(Brief descriptive captions)
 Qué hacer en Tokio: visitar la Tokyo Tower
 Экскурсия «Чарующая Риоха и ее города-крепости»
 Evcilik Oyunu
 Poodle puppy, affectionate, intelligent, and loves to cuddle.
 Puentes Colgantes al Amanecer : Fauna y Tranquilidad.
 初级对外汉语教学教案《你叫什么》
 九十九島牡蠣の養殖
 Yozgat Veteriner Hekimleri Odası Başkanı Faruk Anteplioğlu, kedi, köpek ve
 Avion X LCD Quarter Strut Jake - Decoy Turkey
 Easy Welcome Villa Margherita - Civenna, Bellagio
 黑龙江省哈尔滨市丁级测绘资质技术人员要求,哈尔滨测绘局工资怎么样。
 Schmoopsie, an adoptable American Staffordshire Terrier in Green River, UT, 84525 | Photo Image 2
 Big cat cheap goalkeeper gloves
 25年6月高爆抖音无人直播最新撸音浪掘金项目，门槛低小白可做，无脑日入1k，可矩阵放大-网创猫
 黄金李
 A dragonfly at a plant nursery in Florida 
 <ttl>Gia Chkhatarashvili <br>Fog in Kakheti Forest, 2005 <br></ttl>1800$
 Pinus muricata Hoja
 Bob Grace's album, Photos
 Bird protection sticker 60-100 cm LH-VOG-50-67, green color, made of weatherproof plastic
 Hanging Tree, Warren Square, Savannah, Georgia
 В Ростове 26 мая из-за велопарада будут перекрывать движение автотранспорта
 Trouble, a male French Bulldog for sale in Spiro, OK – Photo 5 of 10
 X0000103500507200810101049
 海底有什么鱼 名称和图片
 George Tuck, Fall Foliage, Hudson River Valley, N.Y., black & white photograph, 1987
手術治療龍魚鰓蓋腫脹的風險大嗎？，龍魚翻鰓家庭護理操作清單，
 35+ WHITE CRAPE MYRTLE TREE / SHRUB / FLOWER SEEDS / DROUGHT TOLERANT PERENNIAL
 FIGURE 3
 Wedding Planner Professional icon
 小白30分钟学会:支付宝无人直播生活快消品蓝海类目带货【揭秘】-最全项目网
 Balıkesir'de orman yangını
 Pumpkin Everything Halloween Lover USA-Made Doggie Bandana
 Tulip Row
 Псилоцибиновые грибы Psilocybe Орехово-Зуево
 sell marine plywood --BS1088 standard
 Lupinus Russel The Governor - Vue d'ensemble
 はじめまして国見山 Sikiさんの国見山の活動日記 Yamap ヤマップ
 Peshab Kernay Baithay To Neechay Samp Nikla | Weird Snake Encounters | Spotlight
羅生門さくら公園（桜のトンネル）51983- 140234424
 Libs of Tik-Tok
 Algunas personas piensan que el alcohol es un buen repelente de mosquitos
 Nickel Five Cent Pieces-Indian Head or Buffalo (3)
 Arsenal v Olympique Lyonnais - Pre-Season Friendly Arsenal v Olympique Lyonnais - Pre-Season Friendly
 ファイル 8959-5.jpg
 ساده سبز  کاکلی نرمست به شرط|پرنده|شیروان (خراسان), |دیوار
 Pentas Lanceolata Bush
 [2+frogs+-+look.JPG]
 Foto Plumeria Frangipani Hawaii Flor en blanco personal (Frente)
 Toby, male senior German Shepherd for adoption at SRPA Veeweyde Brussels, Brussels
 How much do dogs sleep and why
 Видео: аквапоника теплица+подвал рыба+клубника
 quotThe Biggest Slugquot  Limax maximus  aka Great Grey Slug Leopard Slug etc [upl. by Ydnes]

__Task item__: Out of the entries above, write out only the lines between the line holding "Foto Plumeria Frangipani" and the line holding "Видео: аквапоника теплица+подвал", inclusive, each exactly as given.

__Reply__:
 Foto Plumeria Frangipani Hawaii Flor en blanco personal (Frente)
 Toby, male senior German Shepherd for adoption at SRPA Veeweyde Brussels, Brussels
 How much do dogs sleep and why
 Видео: аквапоника теплица+подвал рыба+клубника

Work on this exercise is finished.